Samoa Air flies just three aircraft, two 10-seaters and one four-seater, Langton said.

“We’re pretty small, but the concept is very big,” he said.

The airline serves Samoa, American Samoa, Tonga, Niue, Tokelau, the North Cook Islands and Wallis and Futuna islands in French Polynesia. Langton said the company is planning to purchase a much larger Airbus A320-200 this year for service to international destinations in the region including Australia, New Zealand and Fiji.

“I’m determined to carry this principle through to whatever type of aircraft we operate,” Langton said.

Samoa Air’s policy went into effect in November. According to the airline’s website, “your weight plus your baggage items is what you pay for. Simple.”

Samoa Air says its program is the world’s first fare structure that charges only by weight.
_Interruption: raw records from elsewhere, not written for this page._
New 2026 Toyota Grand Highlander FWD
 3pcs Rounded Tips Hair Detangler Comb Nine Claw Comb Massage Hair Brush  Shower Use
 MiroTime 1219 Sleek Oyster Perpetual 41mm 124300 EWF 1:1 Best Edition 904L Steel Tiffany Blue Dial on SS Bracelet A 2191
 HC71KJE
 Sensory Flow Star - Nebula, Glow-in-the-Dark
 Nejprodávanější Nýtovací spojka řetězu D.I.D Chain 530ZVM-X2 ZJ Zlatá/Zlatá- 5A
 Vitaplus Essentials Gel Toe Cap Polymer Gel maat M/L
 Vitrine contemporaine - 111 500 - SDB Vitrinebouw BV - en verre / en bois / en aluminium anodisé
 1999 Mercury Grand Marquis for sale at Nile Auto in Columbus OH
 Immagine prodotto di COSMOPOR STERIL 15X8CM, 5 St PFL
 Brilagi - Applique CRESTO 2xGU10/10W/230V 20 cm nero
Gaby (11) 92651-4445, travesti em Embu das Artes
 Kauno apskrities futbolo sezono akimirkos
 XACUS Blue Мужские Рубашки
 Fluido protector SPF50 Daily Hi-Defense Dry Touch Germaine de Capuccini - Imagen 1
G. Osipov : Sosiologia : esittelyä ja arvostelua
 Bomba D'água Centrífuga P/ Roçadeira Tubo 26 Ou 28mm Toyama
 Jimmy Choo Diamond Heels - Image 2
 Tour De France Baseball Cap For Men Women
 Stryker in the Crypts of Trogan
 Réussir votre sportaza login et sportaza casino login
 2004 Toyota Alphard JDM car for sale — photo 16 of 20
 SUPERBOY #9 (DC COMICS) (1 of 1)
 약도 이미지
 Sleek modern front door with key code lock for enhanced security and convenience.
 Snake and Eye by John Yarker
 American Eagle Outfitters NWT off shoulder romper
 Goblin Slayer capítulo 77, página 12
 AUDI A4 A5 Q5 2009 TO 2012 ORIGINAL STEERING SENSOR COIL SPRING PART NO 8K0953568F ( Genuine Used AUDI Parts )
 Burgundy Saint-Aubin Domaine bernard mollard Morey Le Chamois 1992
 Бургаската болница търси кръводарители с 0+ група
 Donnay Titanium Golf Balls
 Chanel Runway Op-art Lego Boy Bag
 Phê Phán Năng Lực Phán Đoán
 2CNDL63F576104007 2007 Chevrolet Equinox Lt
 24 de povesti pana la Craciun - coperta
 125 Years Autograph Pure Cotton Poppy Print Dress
To book online, travelers enter their approximate weight and that of their luggage and prepay based on that “guesstimate.” The airline is not equipped to process payments online, but that service is coming soon, Langton said.

Passengers and their luggage are weighed again at the airport.

And if your weight and that of your bags exceed your booking weight? Langton said the airline has a “fiddle factor” of about 2%. So Samoa Air will let a few kilos slide, but the airline is unlikely to provide a refund if passengers roll up to the tarmac with a lighter load.

Langton said families have been pleased with the pricing model because it often costs less to fly with children using the pay-by-weight model than it would to purchase flat-fare seats.

“People deserve to be able to travel in comfort, and the industry has been trying to fit all the square pegs into round holes and hasn’t been taking into account that for a lot of people, traveling by air is an uncomfortable experience,” he said.

The idea of charging passengers by weight has been batted around before. A Norwegian economist recently published a paper advocating the practice.

Some travelers have criticized the weight-based fare concept as a “fat tax.” Others say they believe it’s only fair.

“Yes, if I am getting less than 100% of the seat I paid for, the person taking my space should have to make up the difference,” a CNN.com commenter wrote.

Some major U.S. airlines have policies for passengers of size, requiring those who do not fit into a seat comfortably to buy a second seat.

For a tiny carrier like Samoa Air, the fare model seems reasonable, according to airline analyst Vaughn Cordle, a partner at Ionosphere Capital.

“For this small operation, specifically with the aircraft they fly, weight restrictions are the key practical problem they have to deal with on every flight. They have a solid business case to charge for weight,” Cordle said.

“The nature of their business model, island-hopping with a small aircraft, they have to do it. The alternative is to charge more on a flat rate, and then everyone is discriminated against. Makes sense to not penalize a lighter-weight passenger. The cost per pound is so high on those light airplanes.”

But air travelers are unlikely to see anything like it on a large U.S. airline, he said.

“For U.S. airlines, I think this is an issue they will not touch with a 10-foot pole because of the negative publicity and the practical purposes of weighing people at the gate.”